Exercise aim - Restate exactly the lines that run from the start of the records below to the line containing "Rabbit breeds around the world - WabbitWiki Rabbit", counting both ends, and nothing else; pictures stay out.

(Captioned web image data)
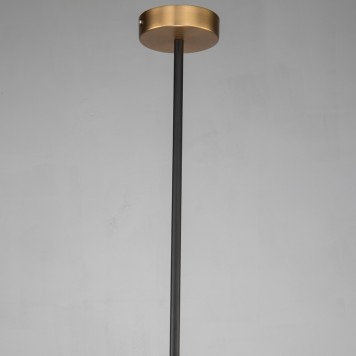 Люстра Favourite Roshe 2624-1P-3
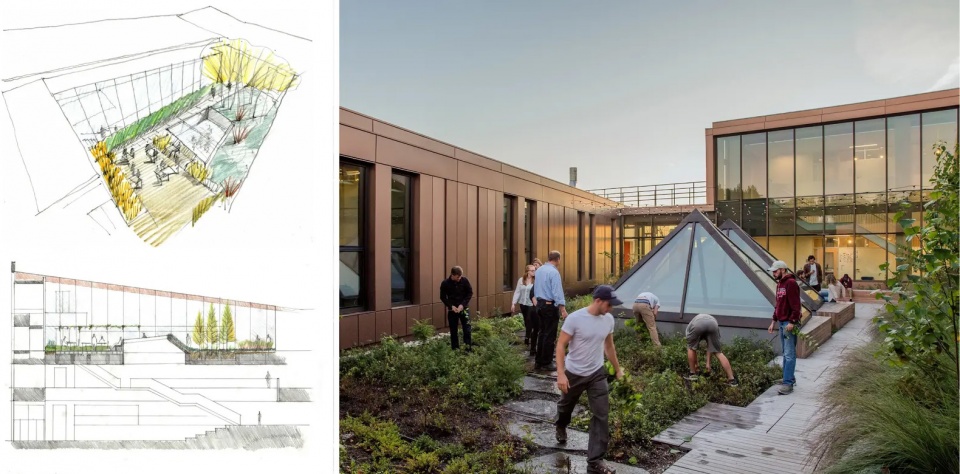 2025 asla general design award of honor re wilding experimentation and pedagogy at umass stimson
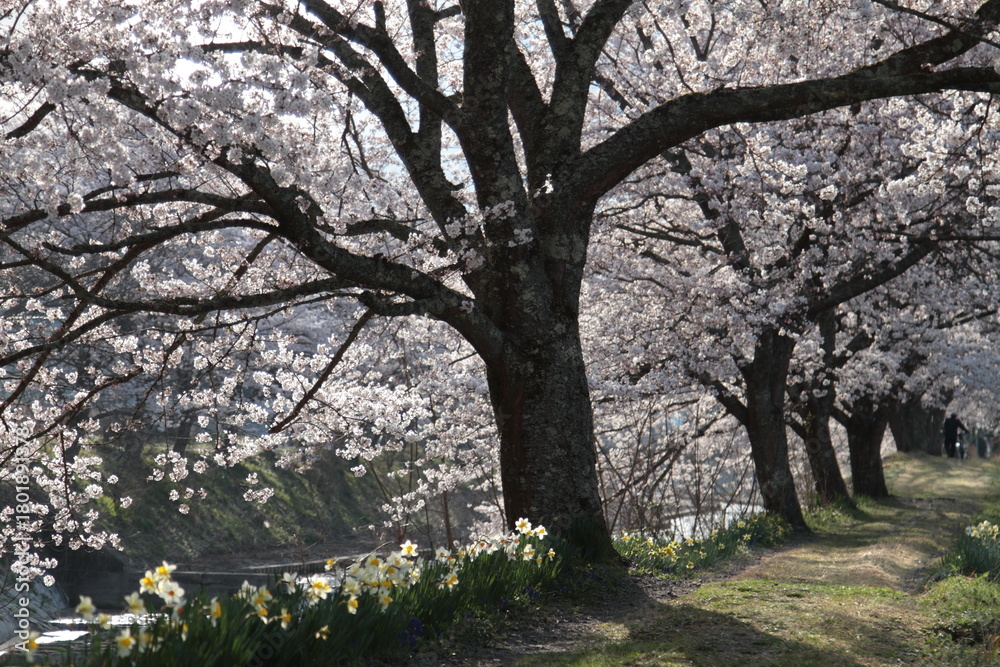 Fototapeta premium 桜のトンネルを歩く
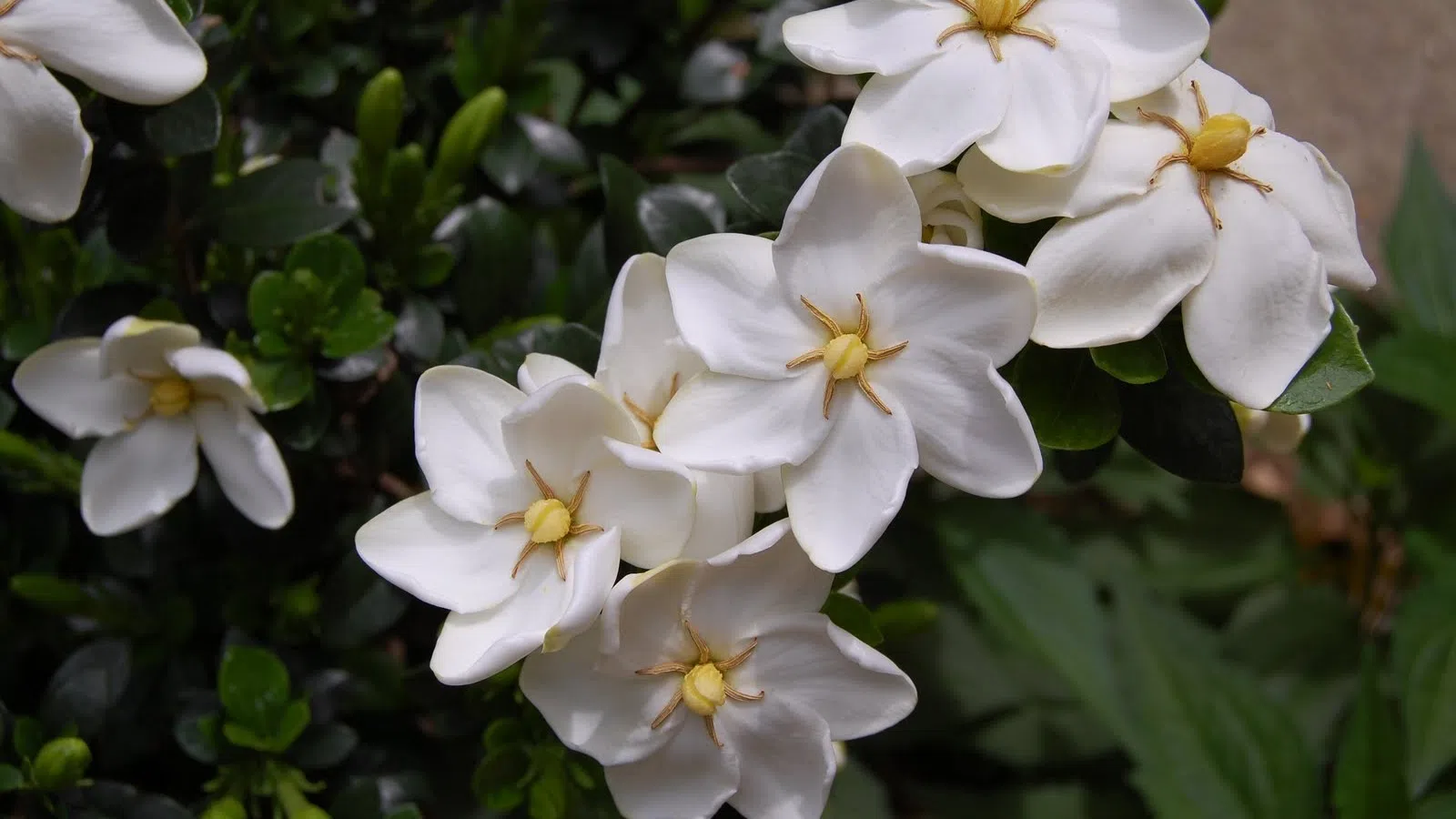 Cluster of white gardenia flowers with yellow centers against dark green leafy background.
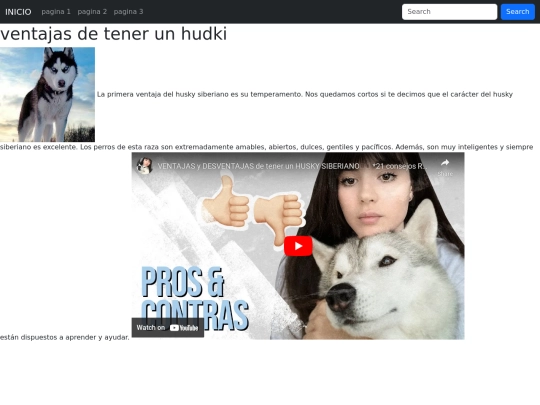 pagina/pagina2 screenshot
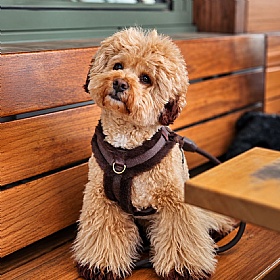 Comfort Furlowe Faux Fur Dog Harness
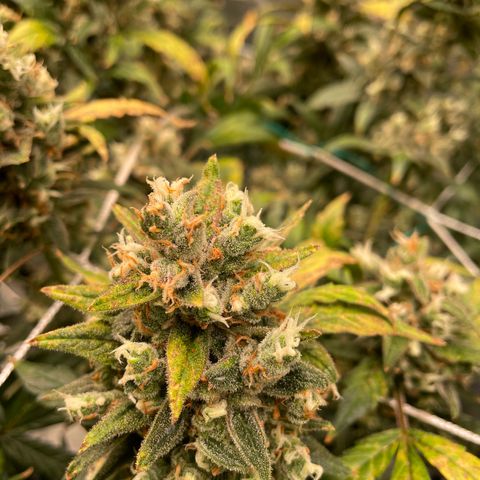 Moby dick XXL  [auto] growlog timeline photo
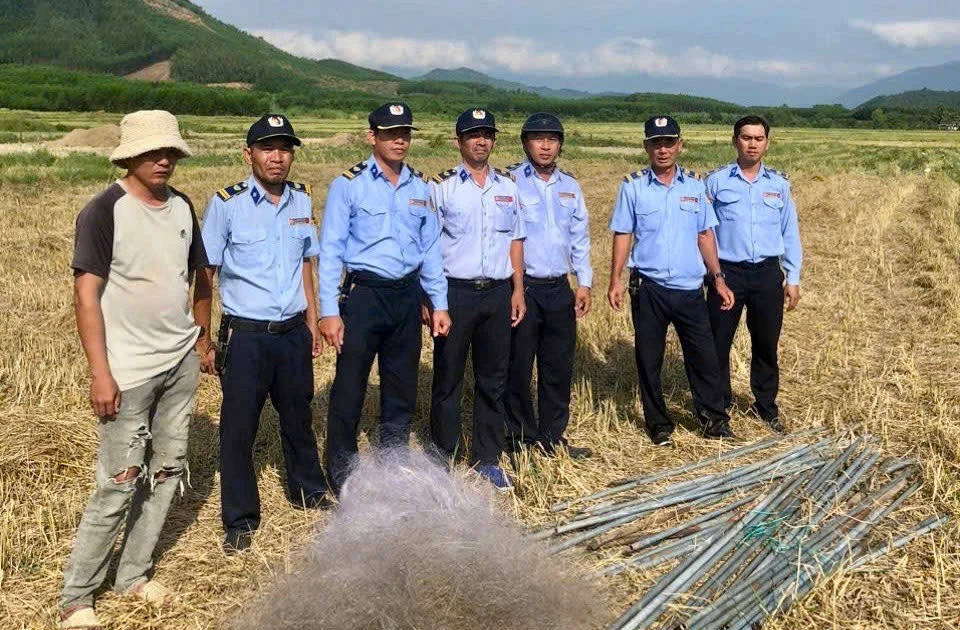 Chim yến bị săn bắt tận diệt, Khánh Hòa lập tổ phản ứng nhanh ở tất cả xã, phường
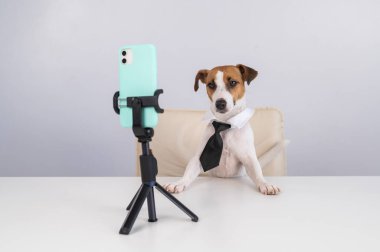 Kravatlı köpek Jack Russell Terrier masaüstü yayınlarında akıllı telefondan canlı yayında oturuyor.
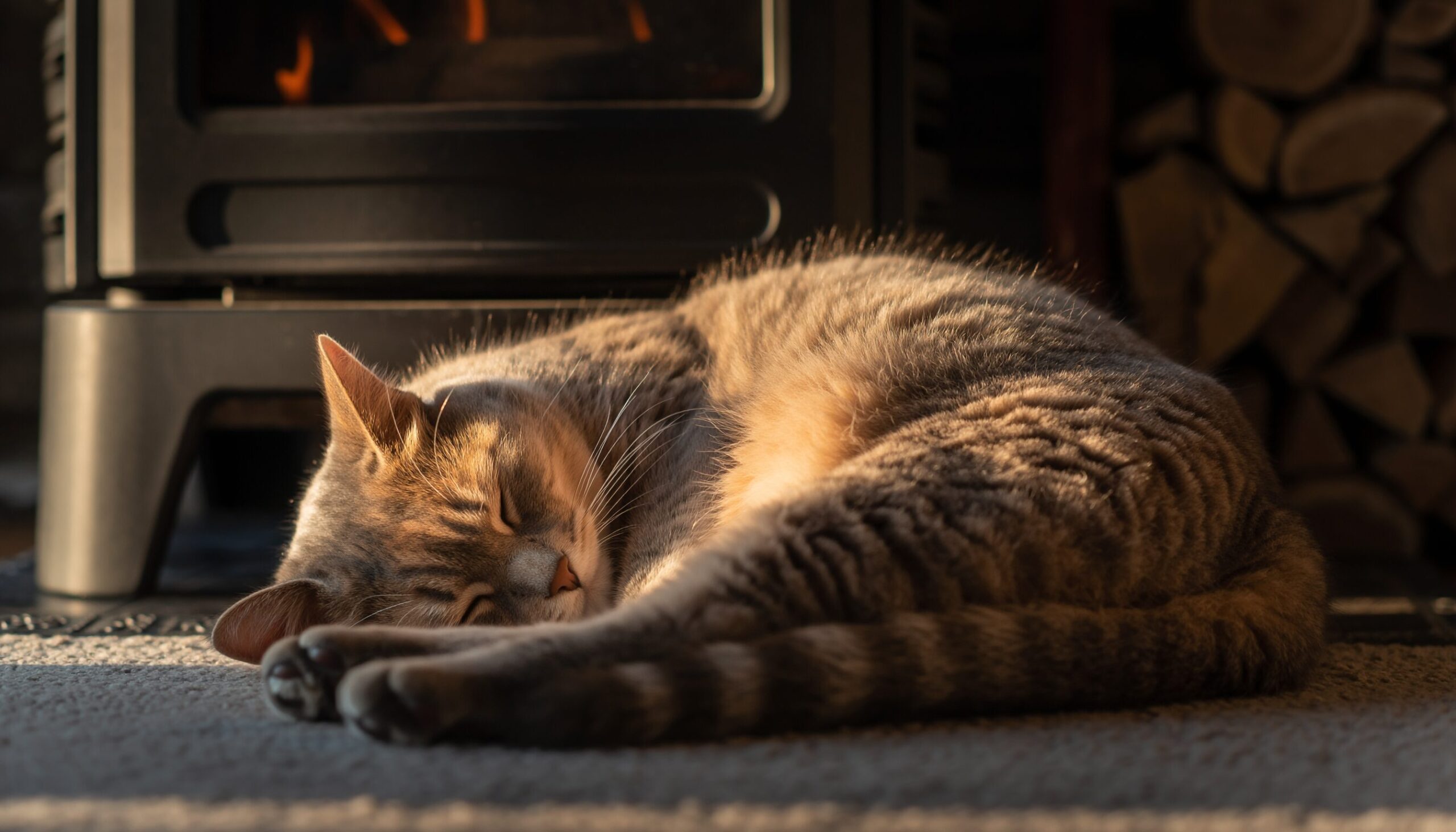 ご提示いただいた記事のまとめ部分(「愛猫の健康と未来」「最高の冬のプレゼント」)と、ストーブの前で気持ちよさそうに眠っている猫の画像に合わせて作成しました。
読者が記事を読み終えた後に、温かい気持ちになれるような設定にしています。
1. 代替テキスト
暖かいストーブの前のラグの上で、丸まって熟睡している猫のアップ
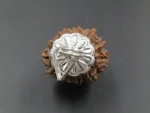 13 Mukhi Rudraksha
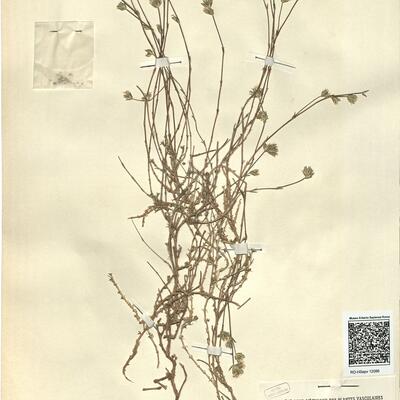 Arenaria armerina Bory var. elongata (Boiss.) Pau -  RO-HSepv 12086 photo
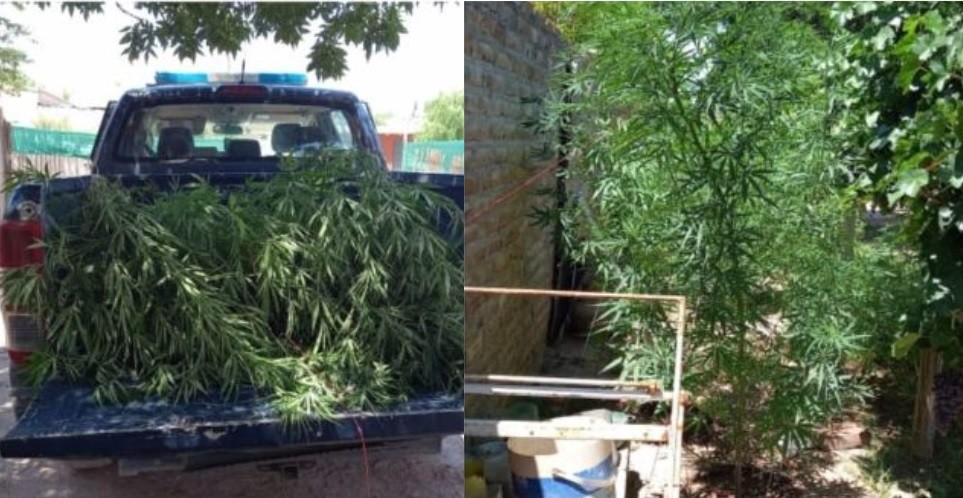 Denunció al vecino por el fuerte olor en su vivienda: qué encontró la Policía | Actualidad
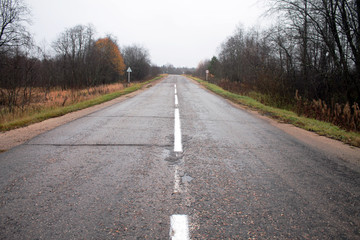 Fototapeta premium The road through the autumn forest, dropped leaves.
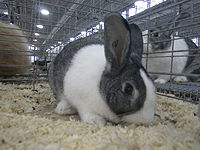 Rabbit breeds around the world - WabbitWiki Rabbit breeds around the world - WabbitWiki
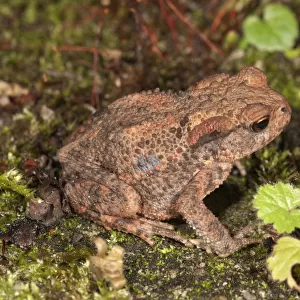 Common toad -Bufo bufo-, yearling at nocturnal foraging, Baden-Wurttemberg, Germany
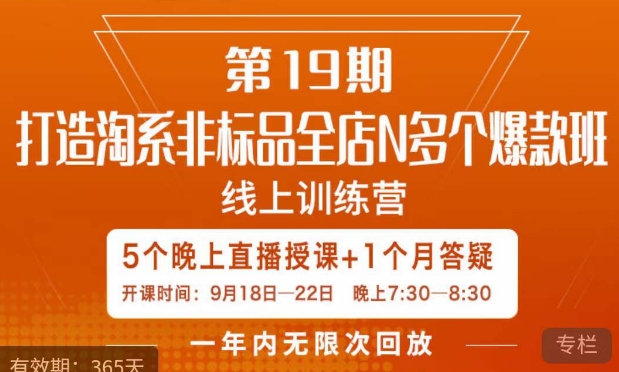 打造淘系非标全店N多个爆款线上课,?5天直播课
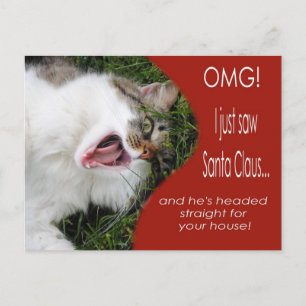 Funny Cat Christmas Postcard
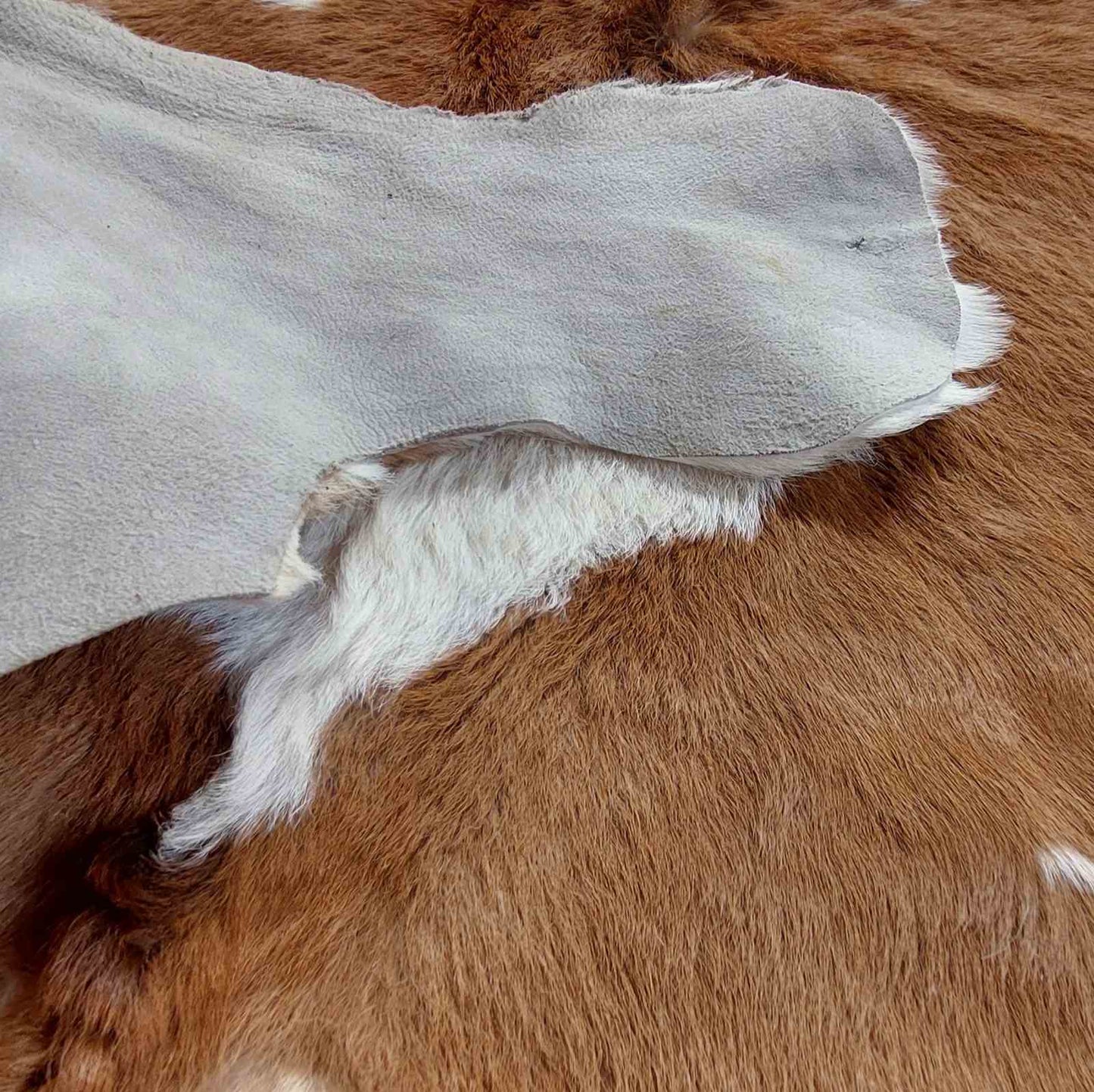 Cowhide Leather Piece - 1 x Full Size Tan/White Calf-hide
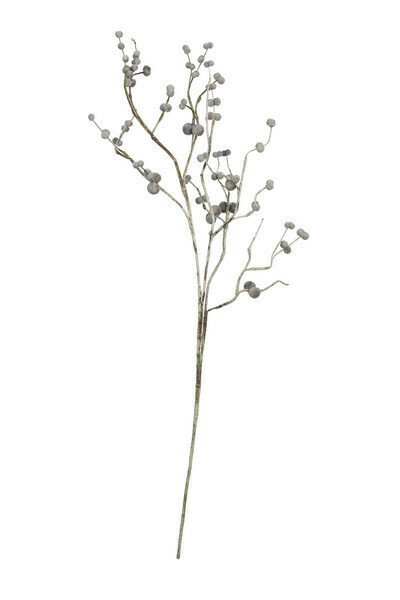 Botanica #CLX2722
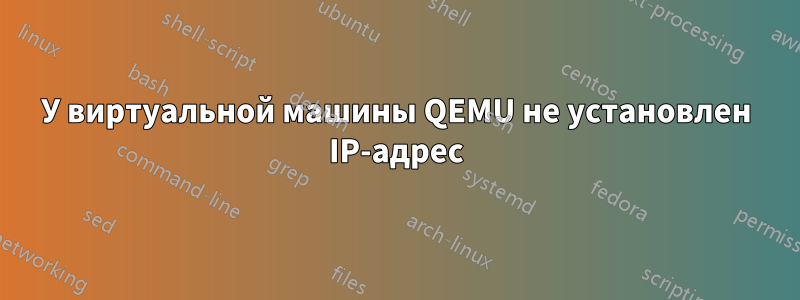 У виртуальной машины QEMU не установлен IP-адрес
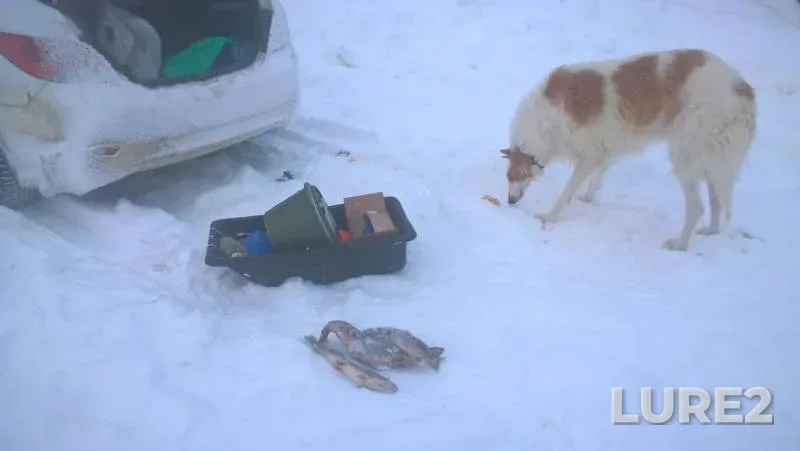 Pike — Ozyorskoye, Dec 04, 2016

Reply to the exercise -
 Люстра Favourite Roshe 2624-1P-3
 2025 asla general design award of honor re wilding experimentation and pedagogy at umass stimson
 Fototapeta premium 桜のトンネルを歩く
 Cluster of white gardenia flowers with yellow centers against dark green leafy background.
 pagina/pagina2 screenshot
 Comfort Furlowe Faux Fur Dog Harness
 Moby dick XXL  [auto] growlog timeline photo
 Chim yến bị săn bắt tận diệt, Khánh Hòa lập tổ phản ứng nhanh ở tất cả xã, phường
 Kravatlı köpek Jack Russell Terrier masaüstü yayınlarında akıllı telefondan canlı yayında oturuyor.
 ご提示いただいた記事のまとめ部分(「愛猫の健康と未来」「最高の冬のプレゼント」)と、ストーブの前で気持ちよさそうに眠っている猫の画像に合わせて作成しました。
読者が記事を読み終えた後に、温かい気持ちになれるような設定にしています。
1. 代替テキスト
暖かいストーブの前のラグの上で、丸まって熟睡している猫のアップ
 13 Mukhi Rudraksha
 Arenaria armerina Bory var. elongata (Boiss.) Pau -  RO-HSepv 12086 photo
 Denunció al vecino por el fuerte olor en su vivienda: qué encontró la Policía | Actualidad
 Fototapeta premium The road through the autumn forest, dropped leaves.
 Rabbit breeds around the world - WabbitWiki Rabbit breeds around the world - WabbitWiki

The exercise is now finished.